§ AIM OF THE TASK: Transcribe the listing underneath, keeping each word exact and omitting the images.

§ INFORMATION SHOWN:

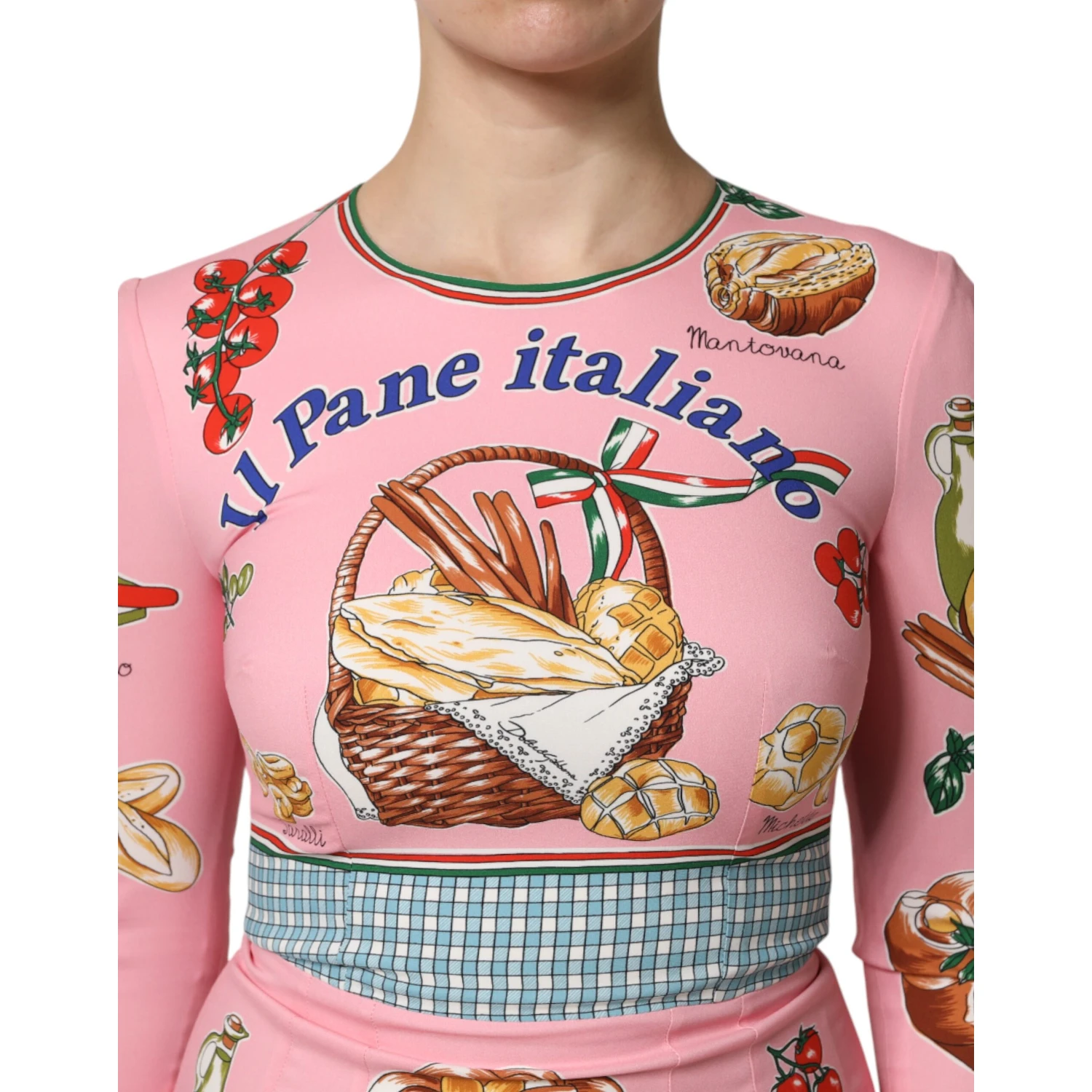 Pink Pastry Print Bodycon Sheath Midi Dress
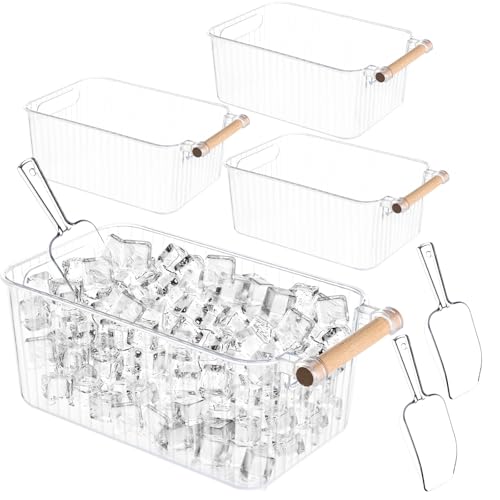 Image of 4 Piece Ice Bin and 2 Flexible Scoop Set Plastic Freezer Ice Bin with Handle Clear Storage Bucket for Container with Bucket Scoop Kitchen Fridge
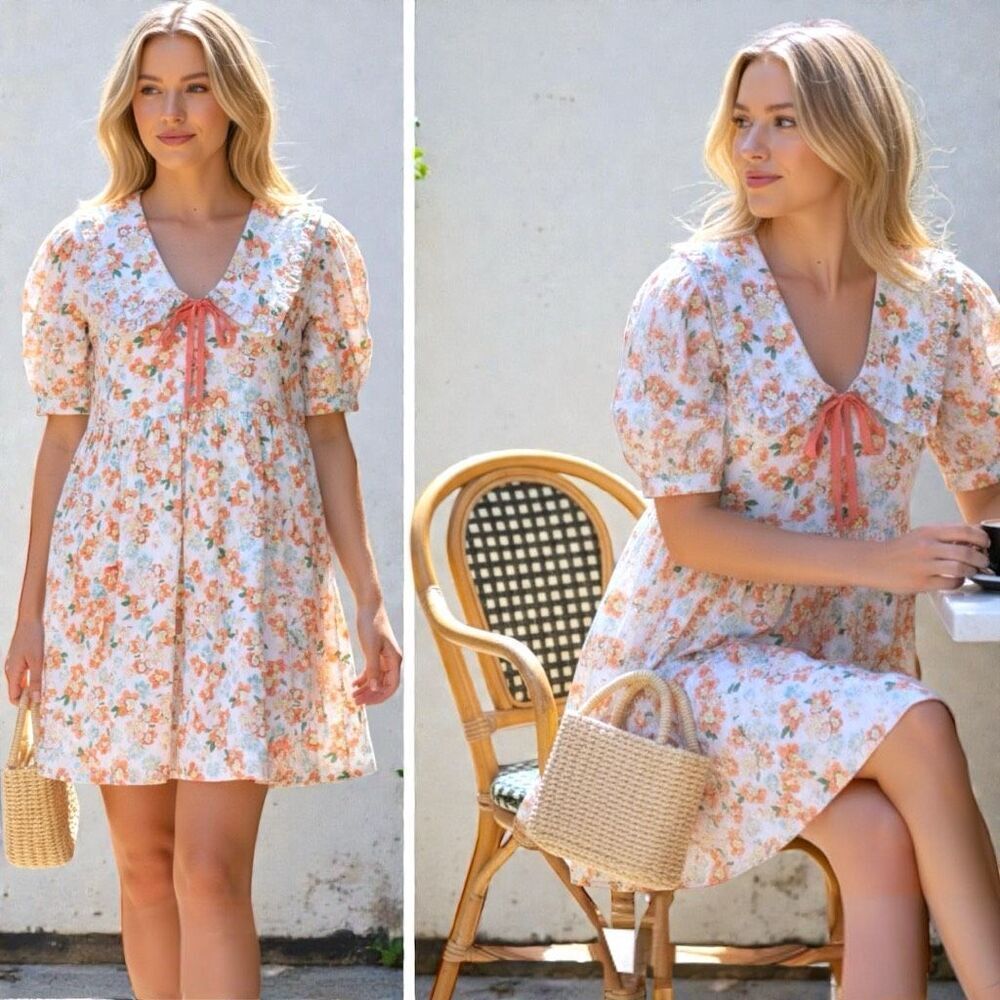 Floral Print Puff Sleeve Tie Front Mini Dress NWT  | Umgee - Picture 4 of 13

§ RESULT FOR THIS TASK:
 Pink Pastry Print Bodycon Sheath Midi Dress
 Image of 4 Piece Ice Bin and 2 Flexible Scoop Set Plastic Freezer Ice Bin with Handle Clear Storage Bucket for Container with Bucket Scoop Kitchen Fridge
 Floral Print Puff Sleeve Tie Front Mini Dress NWT  | Umgee - Picture 4 of 13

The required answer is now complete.